The West Virginia Capitol building

By Luanne McGovern

The West Virginia Legislative Session will be drawing to a close on March 9 after consideration of over 2,500 bills. There are many important bills still in play, and it can be hard to predict what will happen. But many thanks to all our supporters who made their voices heard to your Senators and Delegates throughout the session – it DOES make a difference. Although there is not a great deal of good news to report, your continued support is greatly appreciated.

Here is an update on our key priorities, as of the end of February:

Net Metering: to protect and preserve long-standing net metering rules to ensure all solar users are entitled to the existing fair market retail rate.  

Two bills (SB869 and HB5131) were introduced to ensure that solar producers would receive full market value for the power they produce, but neither bill was advanced.

In January, the West Virginia Public Service Commission held a public hearing on Mon Power and Potomac Edison’s proposal to drastically reduce the amount that solar producers are paid for the power they generate. A compromise was reached to (1) grandfather existing solar producers in to the one to one net metering rate, and (2) to set a new rate of $.09343/kWh for interconnections made after January 1, 2025.  For further details on the compromise read John McFerrin’s story here.

Orphaned Gas Well Responsibility: to require bonds to be set before drilling begins to cover plugging costs for gas wells that are abandoned or orphaned.  

SB532, the Orphan Oil and Gas Well Prevention Act of 2024 (similar to HB5414) was introduced by Senator Smith. Unfortunately, this bill did not move out of committee and so is dead for this session.

Community Solar: to promote access to affordable renewable energy through a solar facility subscription service.

Several bills have been introduced to help move the state forward with Community Solar opportunities.  All were stalled in committee, continued victims of the coal lobby.  Passage this year is again unlikely.

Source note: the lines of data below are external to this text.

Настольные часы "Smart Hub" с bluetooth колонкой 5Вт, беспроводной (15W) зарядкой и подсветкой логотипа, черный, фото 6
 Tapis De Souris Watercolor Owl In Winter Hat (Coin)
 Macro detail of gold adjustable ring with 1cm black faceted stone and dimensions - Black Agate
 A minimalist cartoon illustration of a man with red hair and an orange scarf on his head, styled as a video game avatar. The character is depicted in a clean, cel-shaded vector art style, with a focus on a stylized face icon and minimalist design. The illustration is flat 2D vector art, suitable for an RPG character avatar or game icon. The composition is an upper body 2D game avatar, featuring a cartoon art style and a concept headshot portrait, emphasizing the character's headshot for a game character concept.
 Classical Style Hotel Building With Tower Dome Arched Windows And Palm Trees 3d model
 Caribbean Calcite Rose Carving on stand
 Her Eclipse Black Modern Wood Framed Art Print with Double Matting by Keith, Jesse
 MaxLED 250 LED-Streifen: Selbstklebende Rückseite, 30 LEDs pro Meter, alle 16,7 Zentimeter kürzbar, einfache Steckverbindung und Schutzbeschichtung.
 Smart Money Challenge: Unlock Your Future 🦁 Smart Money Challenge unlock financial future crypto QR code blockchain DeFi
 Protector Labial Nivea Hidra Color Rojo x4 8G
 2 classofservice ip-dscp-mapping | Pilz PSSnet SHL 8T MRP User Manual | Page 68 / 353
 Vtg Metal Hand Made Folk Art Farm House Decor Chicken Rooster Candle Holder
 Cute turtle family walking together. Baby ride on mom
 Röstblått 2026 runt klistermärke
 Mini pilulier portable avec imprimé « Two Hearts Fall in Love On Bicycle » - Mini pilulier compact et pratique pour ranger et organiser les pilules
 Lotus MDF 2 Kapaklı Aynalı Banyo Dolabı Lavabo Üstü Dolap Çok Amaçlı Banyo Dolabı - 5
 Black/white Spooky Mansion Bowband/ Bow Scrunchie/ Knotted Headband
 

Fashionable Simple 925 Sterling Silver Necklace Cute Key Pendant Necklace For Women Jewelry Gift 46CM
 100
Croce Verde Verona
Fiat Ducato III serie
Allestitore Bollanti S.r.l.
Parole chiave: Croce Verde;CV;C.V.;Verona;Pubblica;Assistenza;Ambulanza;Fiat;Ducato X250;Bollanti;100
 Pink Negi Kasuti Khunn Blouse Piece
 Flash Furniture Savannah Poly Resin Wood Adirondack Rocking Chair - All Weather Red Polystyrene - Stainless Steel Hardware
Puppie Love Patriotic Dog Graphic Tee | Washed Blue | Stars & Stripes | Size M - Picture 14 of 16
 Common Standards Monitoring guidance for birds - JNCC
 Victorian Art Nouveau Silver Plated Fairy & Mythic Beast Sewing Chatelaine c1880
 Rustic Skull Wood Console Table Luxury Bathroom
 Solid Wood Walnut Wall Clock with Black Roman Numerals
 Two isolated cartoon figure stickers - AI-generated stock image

Other bills we have been monitoring:

SB171 – Prohibiting county commissions from adopting authorization that exceeds state law regarding agriculture operations. This bill was passed and signed by the Governor. It will centralize power at the state level and eliminate local government’s ability to protect residents, businesses and farmers. This unfortunate power grab by the state will make citizen efforts to fight unwanted local projects even harder than before.  

HB5018 – To provide for Department of Environmental Protection oversight and authority governing community air monitoring programs. So far, this dangerous bill, which was passed by the House, has stalled in the Senate. Many thanks to everyone who testified at the House public hearing, and sent emails and phone calls to your Legislators.

SB688 – Authorizing director of Division of Forestry to contract and manage forest land.  This bill would allow the Division of Forestry and the Division of Natural Resources to “contract for the management of state owned and leased forests and wooded lands for purposes of preventing wildfires.” We are very concerned that this would open state parks and forests to large scale timbering, in the name of forest fire prevention. The bill was passed by the Senate and is currently with the House Government Organization Committee.

SB618 – Authorizing Division of Forestry to administer certain exchange program. This bill would authorize the Division of Forestry to set up a statewide carbon credit exchange program for all forested property in the state. It would supersede all voluntary forest carbon credit programs currently in effect, taking away landowner rights. It has passed the Senate and is with the House Finance Committee.